從林冠名第一個錄像作品《下一秒的靜止》就可以見到這種雙重光,他用大特寫的鏡頭對一條在工業廢水裡失去呼吸的死魚進行「寫生」,在一種緩慢浮動的凝視中一條小魚遭遇到一個巨大而鮮艷的「死亡」,形成一種關於呼吸的辯證,這個尺度與狀態的對比表達出一種隱然的生存焦慮。「寫生」是一種訓練,而且在印象畫派之前一直被定位在練習而非正式作品的創作階段,因為繪畫在長久的發展裡--甚至一直到抽象表現主義--總是關注著崇高的超越之光,所以,寫生就成了創作過程中短暫地同他者之光相會的時刻,但這自然之光的相逢時刻在畫室中通過許多理由被一次次地轉化為「不可再現」的崇高。這絕非單純的信仰問題,而是創作過程中繁複的工具與有限的體能決定著我們想像並轉化這神秘時刻的方式。無疑地,在《下一秒的靜止》中藝術家仍處在一種「文人」對於「生命」觀看,但很快地,同一年裡較晚的兩件作品《持續在轉》與《陶醉》便在寫生般的「固定凝視」中開始了他所謂的「處理」,他用循環的「轉」(跑步)跟反向的「轉」(音樂與動作的動向相反)作為某種對於稍縱即逝的「處理」,但對於林冠名來說,稍縱即逝者卻已不是物理時間的短瞬發生者,而是「細微」至難以辨識的感覺;「稍縱即逝」或「消逝」在這個具有強力錄製能力的時代裡,不再來自於物理世界,因為通過科技在某種程度上已獲得解決,而是來自於「感覺」的「細微」,一種錄製技術無法直接收取的材料,因為那是一種連結著心理與身體的微型動態(différentiel)。

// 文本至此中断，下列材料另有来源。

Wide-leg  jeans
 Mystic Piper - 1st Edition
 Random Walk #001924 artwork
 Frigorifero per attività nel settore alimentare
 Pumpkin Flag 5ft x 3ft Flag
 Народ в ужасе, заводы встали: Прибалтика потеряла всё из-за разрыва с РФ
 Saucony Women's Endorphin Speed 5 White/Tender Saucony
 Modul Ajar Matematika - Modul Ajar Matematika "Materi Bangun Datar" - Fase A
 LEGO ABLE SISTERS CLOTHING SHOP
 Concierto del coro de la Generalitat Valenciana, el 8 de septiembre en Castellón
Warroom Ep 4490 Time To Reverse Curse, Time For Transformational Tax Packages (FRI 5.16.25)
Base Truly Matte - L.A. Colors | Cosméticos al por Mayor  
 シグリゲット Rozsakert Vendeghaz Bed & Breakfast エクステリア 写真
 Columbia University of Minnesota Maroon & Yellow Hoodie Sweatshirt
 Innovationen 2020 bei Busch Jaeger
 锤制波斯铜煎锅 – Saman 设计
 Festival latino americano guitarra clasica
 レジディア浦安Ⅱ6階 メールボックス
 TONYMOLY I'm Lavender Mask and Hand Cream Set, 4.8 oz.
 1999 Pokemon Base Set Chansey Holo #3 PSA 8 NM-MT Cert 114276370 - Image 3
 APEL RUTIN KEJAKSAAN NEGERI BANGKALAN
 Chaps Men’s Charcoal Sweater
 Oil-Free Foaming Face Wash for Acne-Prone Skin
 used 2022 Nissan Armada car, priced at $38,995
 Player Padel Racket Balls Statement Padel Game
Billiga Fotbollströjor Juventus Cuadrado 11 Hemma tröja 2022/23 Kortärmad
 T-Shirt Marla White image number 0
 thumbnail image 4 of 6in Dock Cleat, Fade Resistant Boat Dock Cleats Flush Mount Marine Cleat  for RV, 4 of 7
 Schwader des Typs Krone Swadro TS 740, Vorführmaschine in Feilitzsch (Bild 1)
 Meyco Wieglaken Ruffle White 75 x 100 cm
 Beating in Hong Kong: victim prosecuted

這種微型動態(筆者過往依據文本譯為「異動」或「微分」)的觀看或說可見性,來自於「數位」對於眼睛的改造,因為數位所提供的可能性和虛擬再現,使得眼睛不再是「揭露真實」或「分化視點」的電影眼,而是通過新寫實「分化真實」的潛在經驗到數位時代才得以衍生出的「數位-眼」,數位-眼能夠對影像進行一種微型動態的觀察,意即影像所再現的物理運動中所可能包含的各種細微動態。事實上,德勒茲已經敏銳地以時間-影像觸及這種影像的力量,只是他仍將這樣的微型動態歸化於「考古學圖式」、「地層學」與「間接自由」的不可區辨狀態,並藉此連結上一種思維動態的渾沌次序與建構式的世界圖像﹔但他卻無法想像這樣的影像力量在數位技術中得以脫離「人文」電影的追求,且得以將這影像力量獨立於另一層影像的善惡之外。或許這種力量在類比時代必要依賴「閱讀」與「哲學洞識」的能力,但在數位時代,它卻能夠更加自由地出自「感性」:感性直接地將這影像力量置放在「未被閱讀」甚至「無法閱讀」之處。而這正是台灣年輕藝術家所必要面對的挑戰,因為沒有善惡立場的影像力量必然模糊掉既有的倫理界線、基進地跳脫再現與反再現的對立,發生在一只純然的例外平面:彷彿毫不見接縫的平面中的巨大裂縫,並非尺度上的巨大,相反地因為這細微動向的不可逆而顯得巨大。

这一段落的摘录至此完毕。